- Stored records
▼

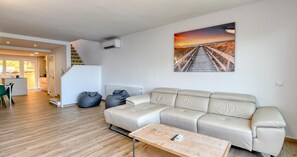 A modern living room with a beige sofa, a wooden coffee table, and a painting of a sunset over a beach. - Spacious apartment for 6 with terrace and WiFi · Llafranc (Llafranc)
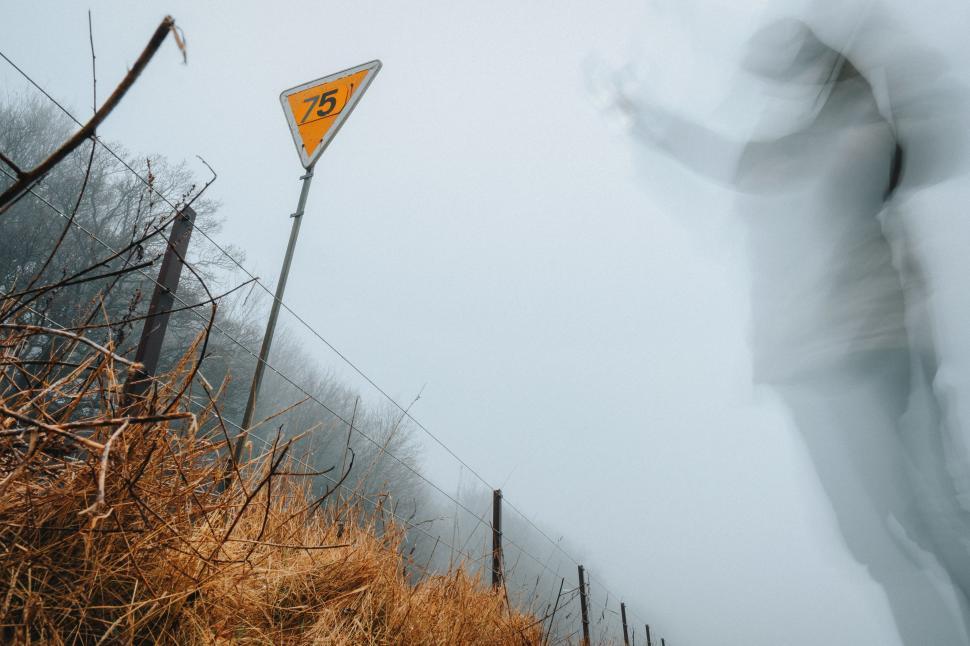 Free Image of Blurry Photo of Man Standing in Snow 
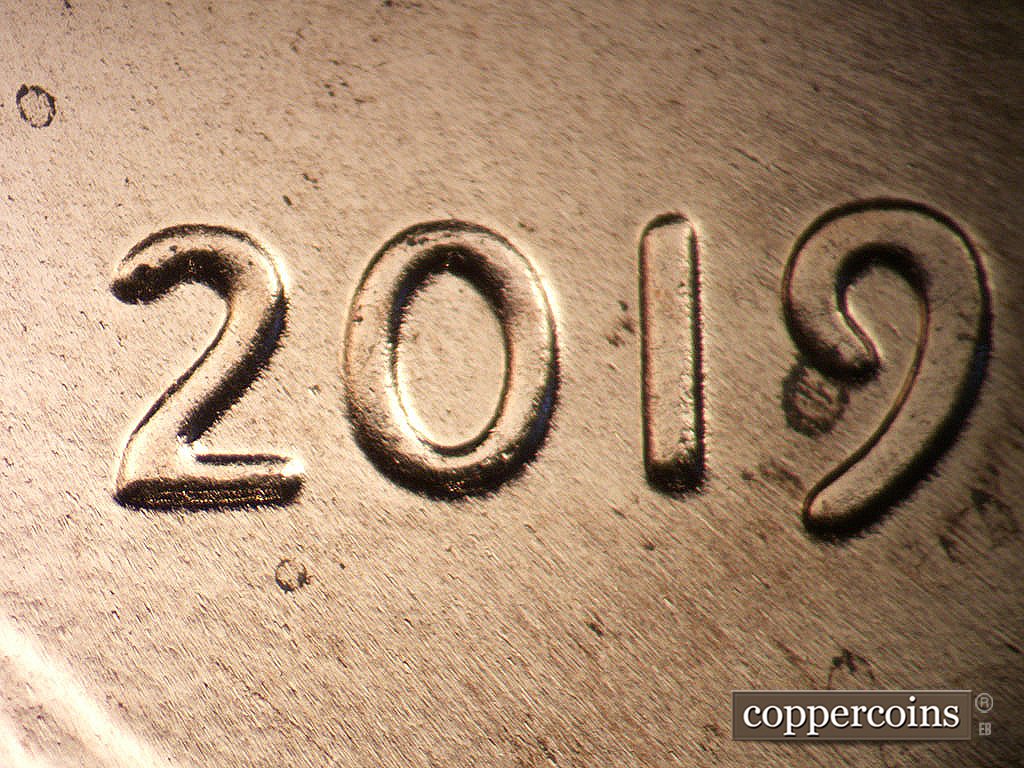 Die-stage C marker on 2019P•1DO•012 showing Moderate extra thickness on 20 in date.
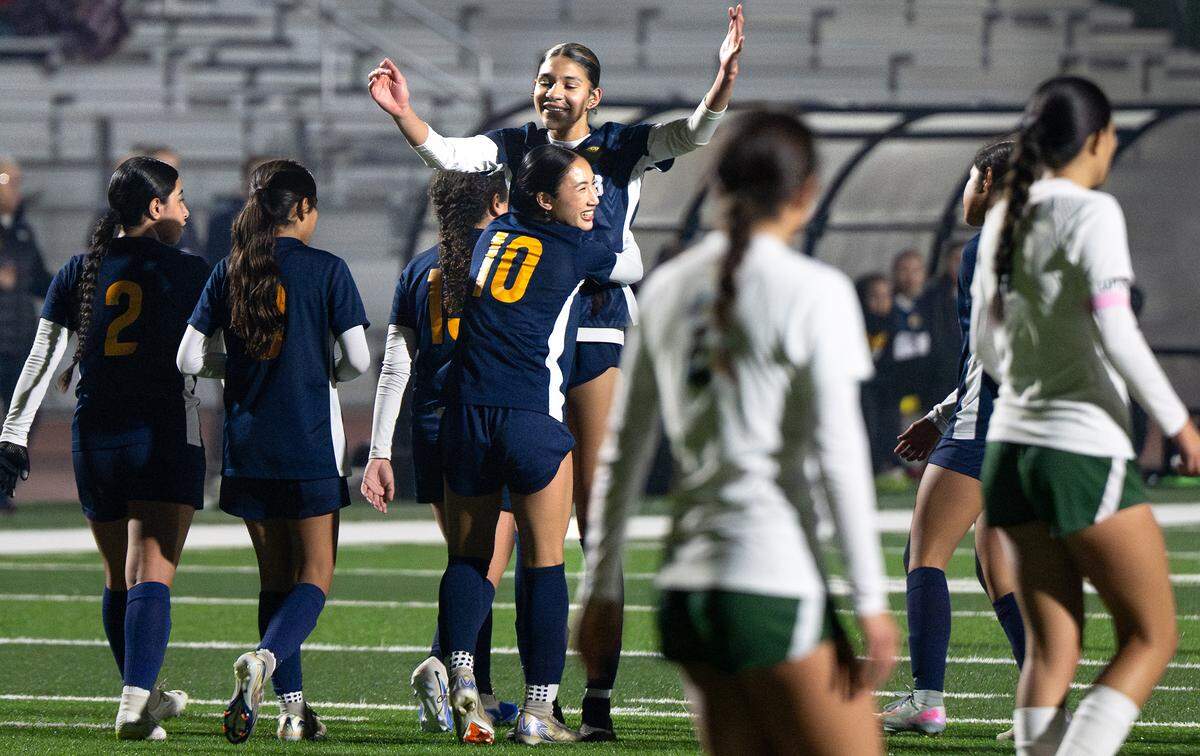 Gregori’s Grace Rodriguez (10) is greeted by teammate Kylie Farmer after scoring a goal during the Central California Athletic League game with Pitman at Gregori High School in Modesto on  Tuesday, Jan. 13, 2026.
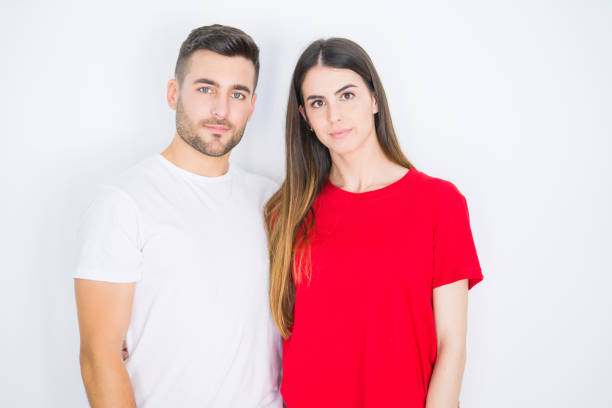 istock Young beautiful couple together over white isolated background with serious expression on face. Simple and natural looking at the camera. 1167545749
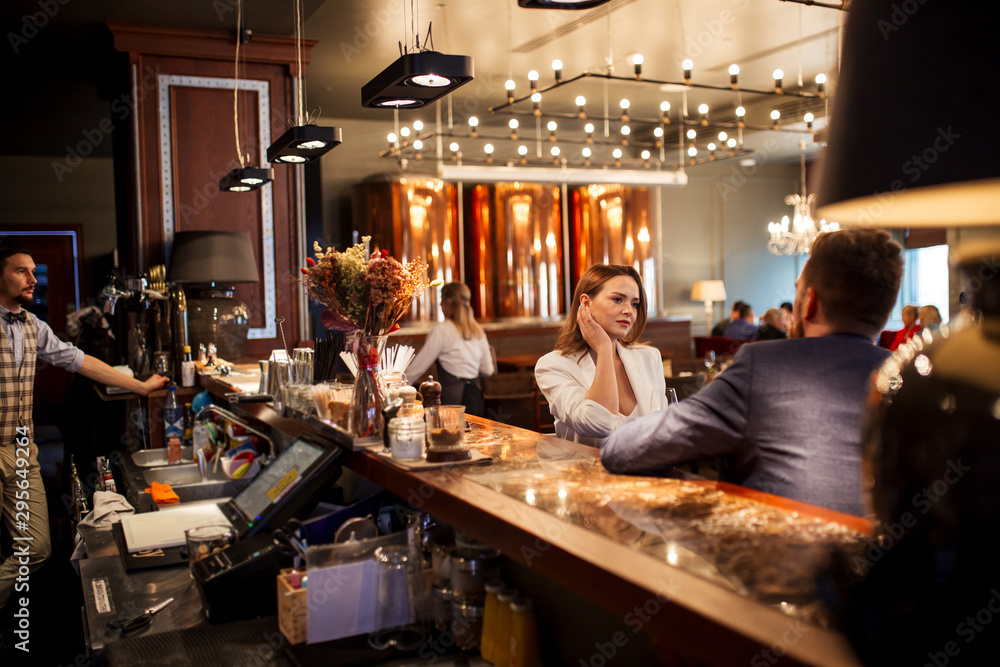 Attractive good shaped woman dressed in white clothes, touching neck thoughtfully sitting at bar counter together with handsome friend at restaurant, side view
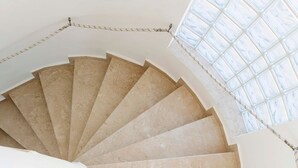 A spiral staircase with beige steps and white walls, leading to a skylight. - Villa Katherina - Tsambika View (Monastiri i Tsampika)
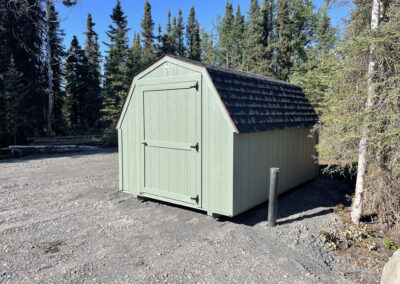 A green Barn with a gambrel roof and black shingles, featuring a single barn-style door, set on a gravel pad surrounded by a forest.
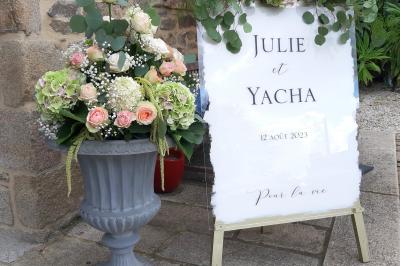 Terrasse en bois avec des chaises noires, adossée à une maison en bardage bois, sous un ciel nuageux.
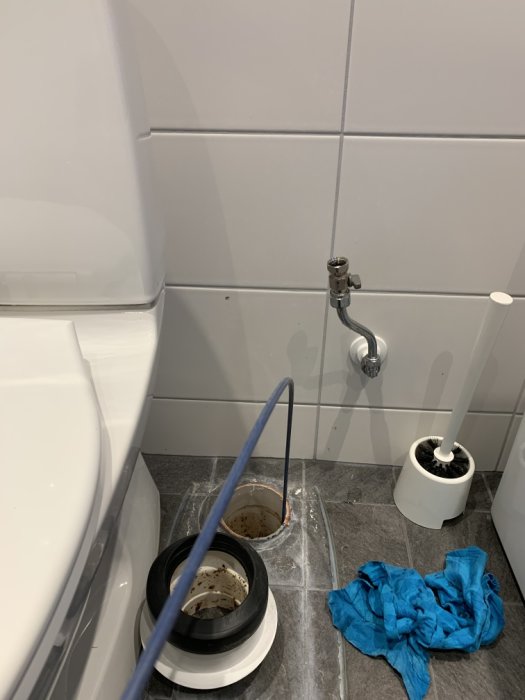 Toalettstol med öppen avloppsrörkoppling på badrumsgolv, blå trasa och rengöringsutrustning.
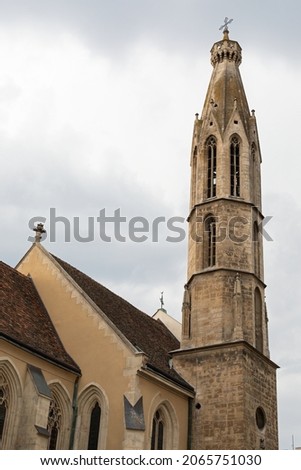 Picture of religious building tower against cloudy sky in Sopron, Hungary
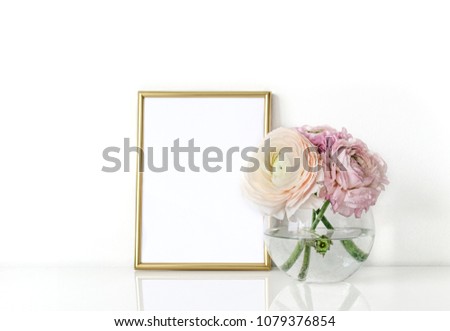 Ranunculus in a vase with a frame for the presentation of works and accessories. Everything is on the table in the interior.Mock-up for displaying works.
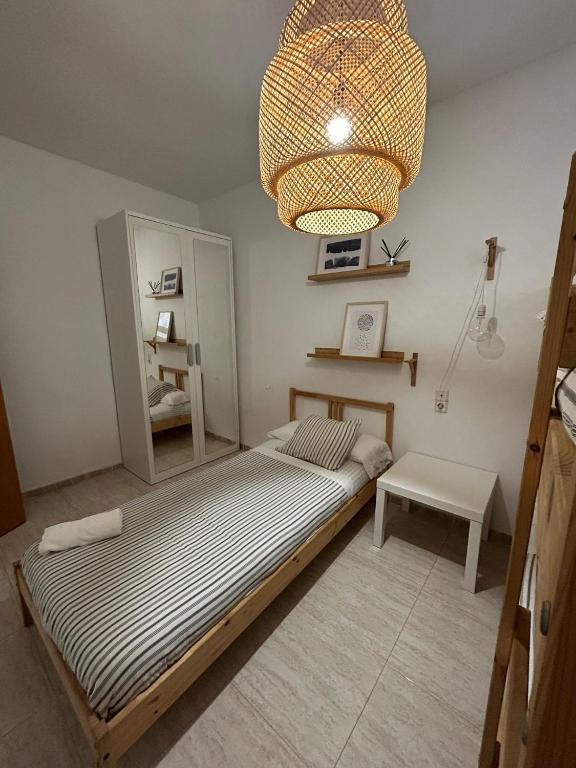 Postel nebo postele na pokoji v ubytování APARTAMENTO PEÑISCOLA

▲

Look above for the line with "Attractive good shaped" and the line with "A green Barn". Copy them and every line between, exactly, but no pictures.

- SOLUTION FOR THIS PROBLEM
 Attractive good shaped woman dressed in white clothes, touching neck thoughtfully sitting at bar counter together with handsome friend at restaurant, side view
 A spiral staircase with beige steps and white walls, leading to a skylight. - Villa Katherina - Tsambika View (Monastiri i Tsampika)
 A green Barn with a gambrel roof and black shingles, featuring a single barn-style door, set on a gravel pad surrounded by a forest.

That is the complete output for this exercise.